こんにちは!パーソル&サーバーワークスの三宅です。

本記事では、Terraform 1.7.0で追加された新機能「removedブロック」について解説します。 Terraform管理下のリソースを管理外へ移行する際に役立つ機能ですので、今回は実際に試した内容をご紹介します。

removedブロックとは

Terraform 1.7.0以降で導入された、リソースを実際に削除することなくTerraformの管理から外すための機能です。

Terraformで管理しているリソースはコードから削除すると、terraform apply 実行時に実際のリソースも削除されてしまいます。 しかし、リソースは残したままTerraformの管理だけを外したいユースケースにおいて、removedブロックが有効な選択肢となります。

removedブロックを使用することで、実リソースを保持したままstateファイルからのみ削除できるようになりました。

公式ドキュメント: removed block reference | Terraform | HashiCorp Developer

removedブロックがない場合を考えてみる

リソースをTerraform管理から外す際には、terraform state rmコマンドを使う方法が一般的です。

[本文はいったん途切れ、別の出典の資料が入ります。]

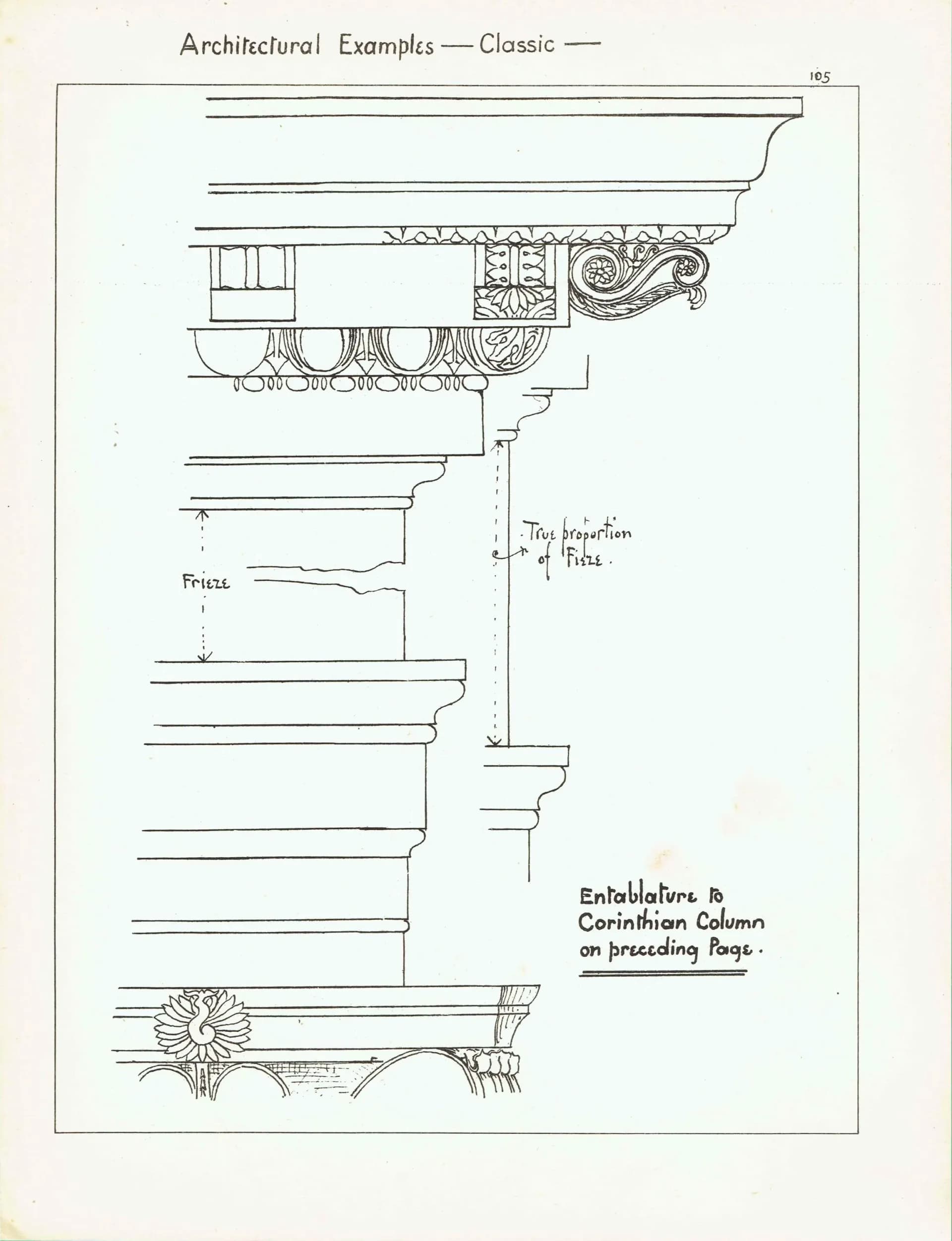 1898 Classic Architectural Frieze Print - Corinthian Entablature, Decorative Mouldings & Ornament - Antique Plate - 8 x 10.75 in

$ terraform state rm aws_instance.example

しかし、この方法には以下のような問題がありました。

  • 手動でのstate操作が必要でヒューマンエラーのリスクがある
  • チーム開発時に誰がどのリソースをいつ管理外にしたか追跡しづらい
  • CI/CDパイプラインに組み込みにくい

removedブロックを使った解消方法

removedブロックを使用すると、宣言的にリソースを管理外にできます。

基本的な使い方

まず、以下のようなS3バケットが terraform apply で作成され、管理されている状態を想定します。

# S3バケットを作成する
resource "aws_s3_bucket" "test_bucket" {
  bucket = "20251028-test-s3-bucket"
}

このリソースを管理外にする場合、以下のように変更します。

# S3リソースブロックを削除、またはコメントアウトする
# resource "aws_s3_bucket" "test_bucket" {
#  bucket = "20251028-test-s3-bucket"
# }
 
# removedブロックを追記する
removed {
  from = aws_s3_bucket.test_bucket
  lifecycle {
    # falseに設定するとリソースが削除されない (デフォルトはtrueなので必ず指定)
    destroy = false
  }
}

ポイントは、resourceブロックを削除する代わりにremovedブロックを追加することです。 これによって、Terraformに「このリソースは管理から外すが、削除はしない」という意図を明示的に伝えられます。

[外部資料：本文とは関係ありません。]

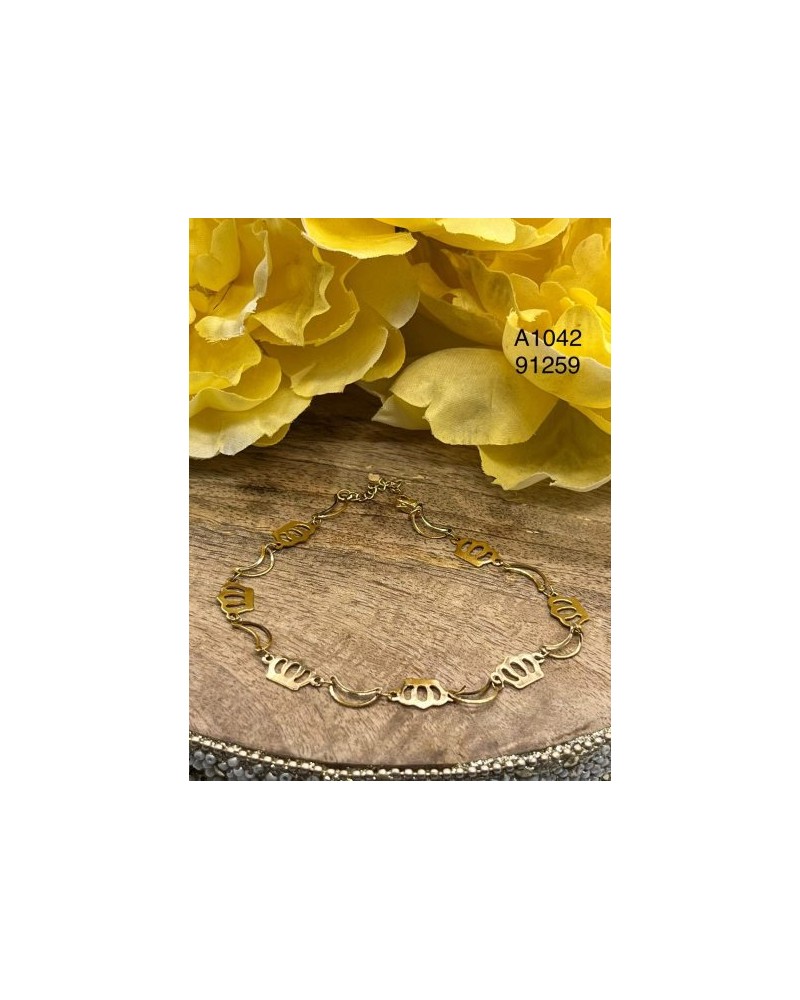 Tobillera con diseño de corona dorada – Sofisticación y elegancia para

この状態で terraform apply を実行すると、以下のような出力が表示されます。

$ terraform apply
 
Terraform will perform the following actions:
 
  # awss3bucket.test_bucket will no longer be managed by Terraform, but will not be destroyed
  # (destroy = false is set in the configuration)
  . resource "aws_s3_bucket" "test_bucket" {
      ...
 
  }
Plan: 0 to add, 0 to change, 0 to destroy.

メッセージを見ると、「Terraformの管理対象外になるが、削除はされない」ことが明確に示されています。 applyを実行すると、stateファイルからリソースの記録が削除されますが、実際のAWSリソース(S3バケット)はそのまま残ります。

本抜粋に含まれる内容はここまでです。